Упираясь ладонями в землю, Метельский встал на колени. Он в яме, похожей на могилу (по спине пробежали ледяные мураши), размером примерно два на два с половиной метра. Но глубина маловата для могилы, всего метр. Вокруг невысокая пластиковая загородка, на вид хилая.

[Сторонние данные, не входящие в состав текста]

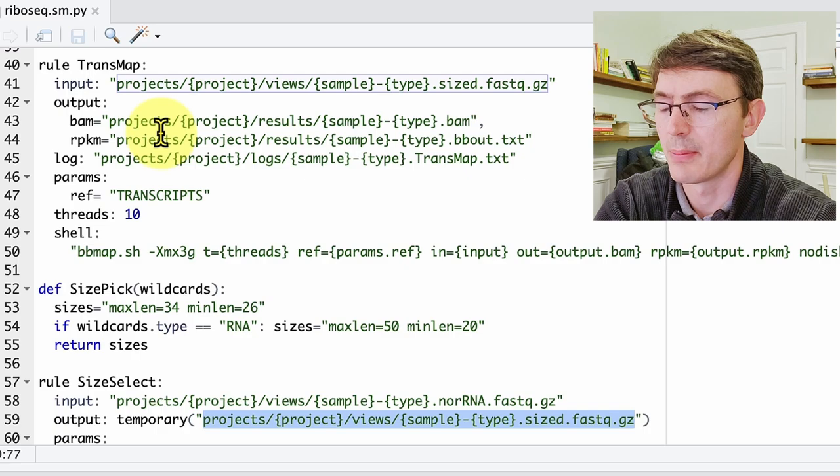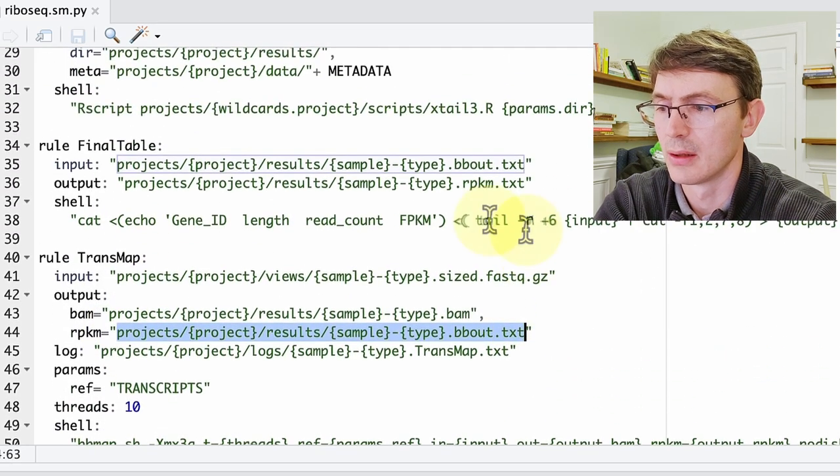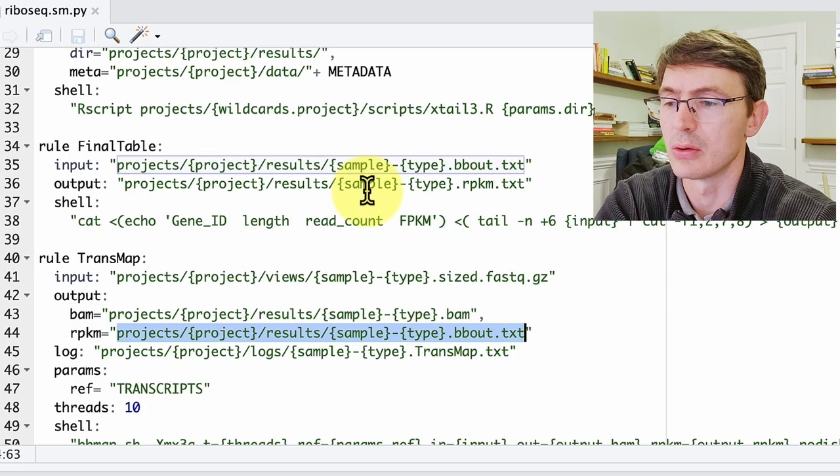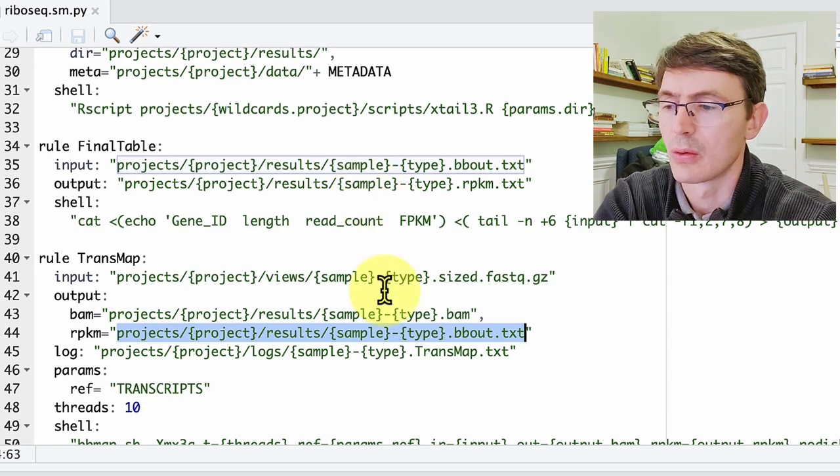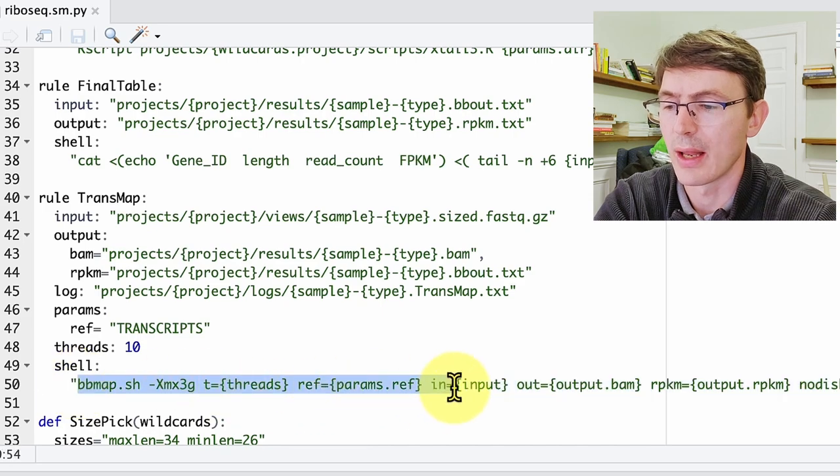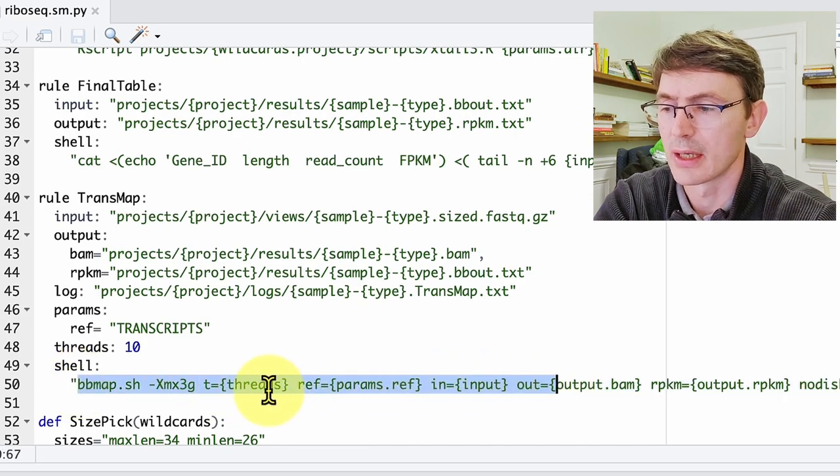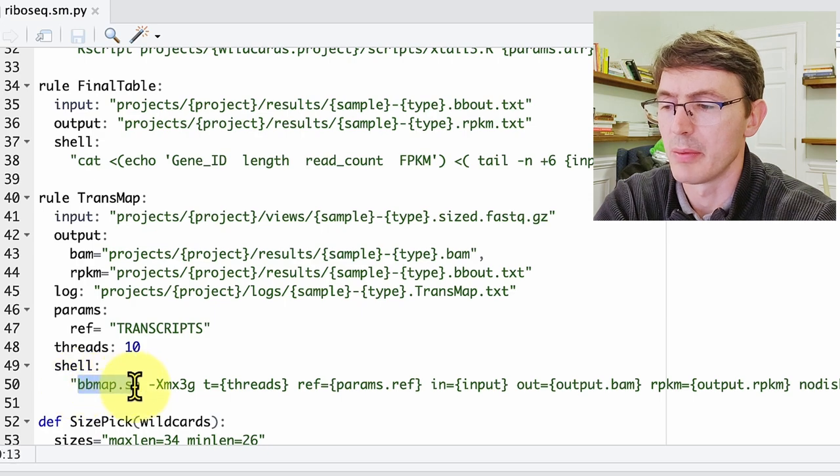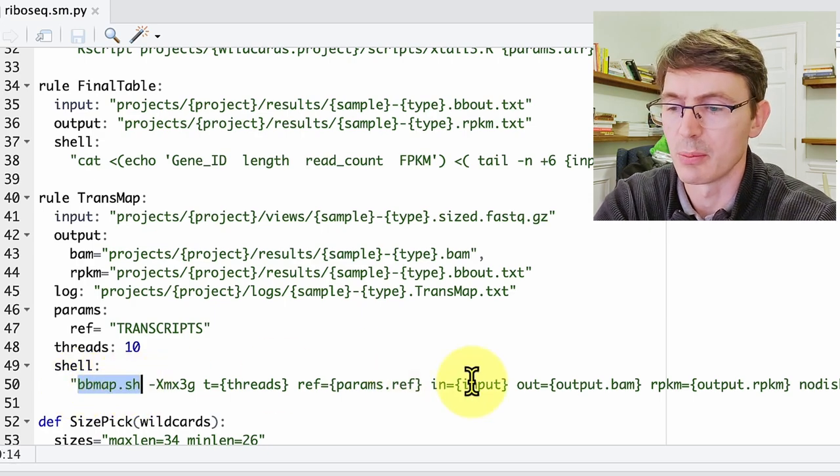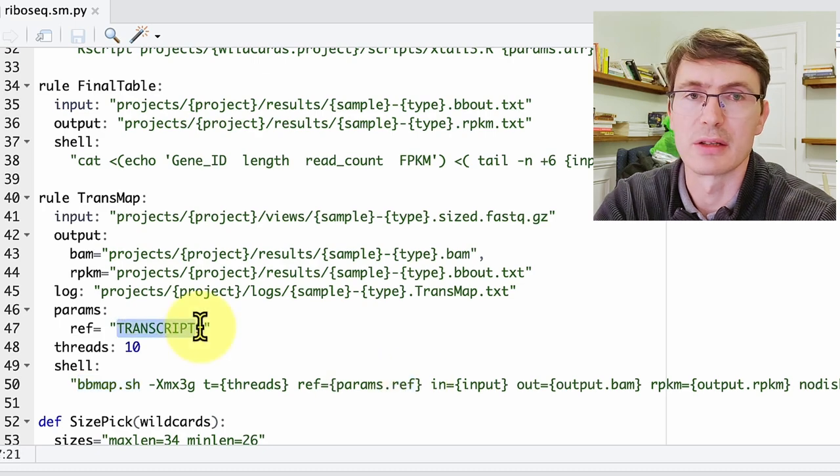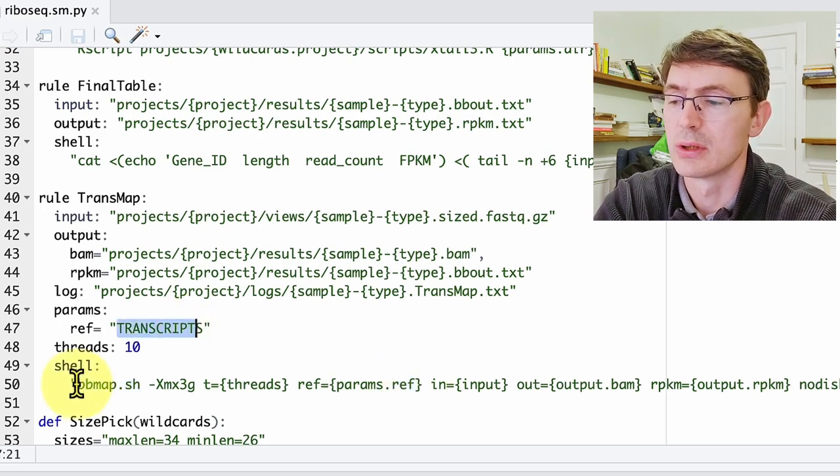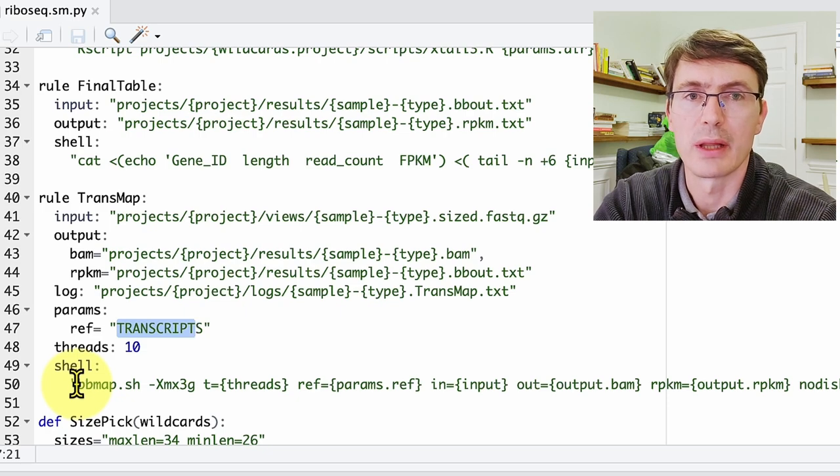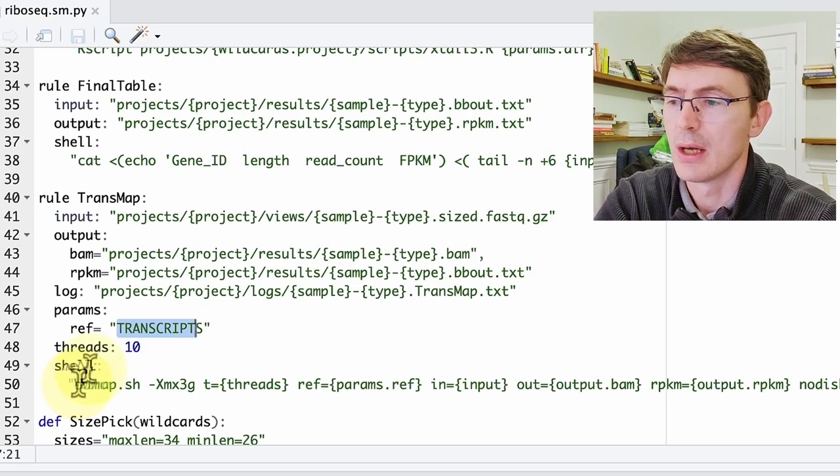Once we have those size-selected reads, we do the mapping with this trans rule map, and then we do some small formatting of the table before we feed it to ExtAil. So you see that here the rules feed into each other quite directly, and all of the commands are one-liners that you have here and they are quite explicit. So here we are doing the mapping, we do bbmap.sh, and then we feed the input, the output, and what's the reference, the transcriptome that we will feed to this one-liner. And all of those rules are pretty much the same, a one-liner that is quite self-explanatory.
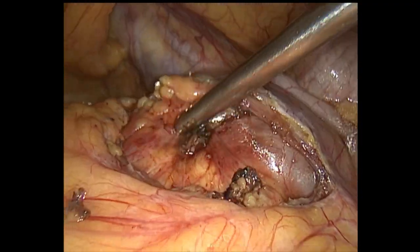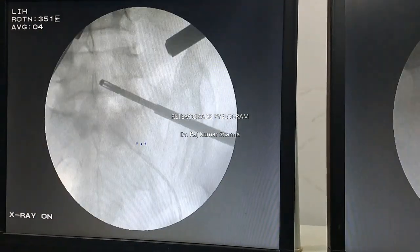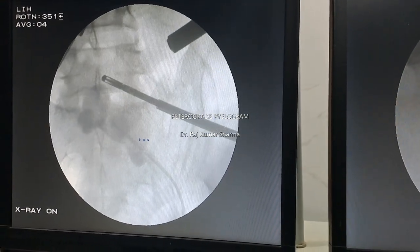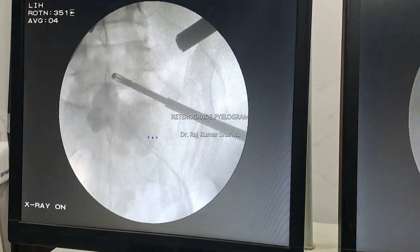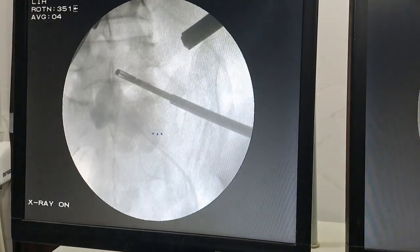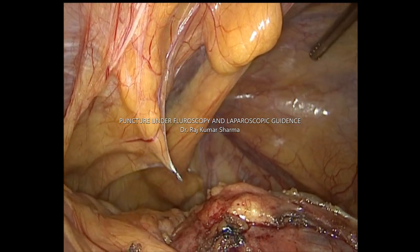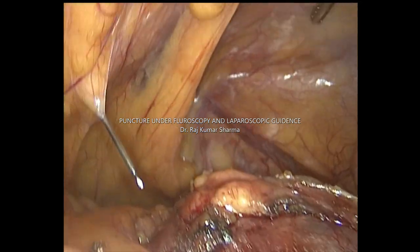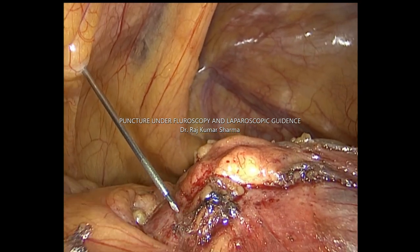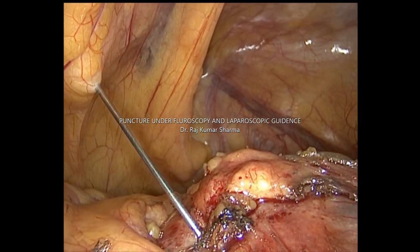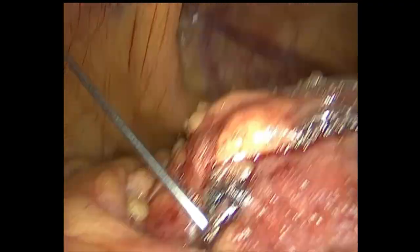Again, confirm the location of the stone under fluoroscopy. The next step is retrograde pyelography. After injecting dye from the lower ureteric catheter, we plan the puncture. Puncture is being done under both fluoroscopy as well as laparoscopic guidance. You can puncture the pelvis or calyx depending upon the stone position.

Придерживаясь за землю, а потом загородку, встал во весь рост. Обширный котлован, разделенный на такие же клетки из пластика. Похоже, котлован еще продолжают сооружать: поодаль копошатся два бульдозера и человеческие фигурки. В соседней клетке, справа, лежит женщина — одета в плащ и как будто спит. Слева пусто, впереди проход, а за ним второй ряд клеток. Возможно, в них тоже есть люди, но поверх загородок не видно. В стороне вышка — видел такую в сюжете о лагере под Интой, — на ней что-то белеет. Пригляделся: да это хэ-ути, а возле него тренога, то ли со станнером, то ли с пулеметом, прямо как в старом военном фильме. Вылезать явно не стоит. Он что, спас Хельгу из лагеря, чтобы самому попасть в другой? И в самом деле придурок.
Низко нависло серое небо — кажется, вот-вот пойдет дождь или снег. Но не холодно, будто и не зима. От земли даже исходит тепло, почему-то неприятное.
Женщина справа зашевелилась и села. Внизу подстилка, лежала не на голой земле.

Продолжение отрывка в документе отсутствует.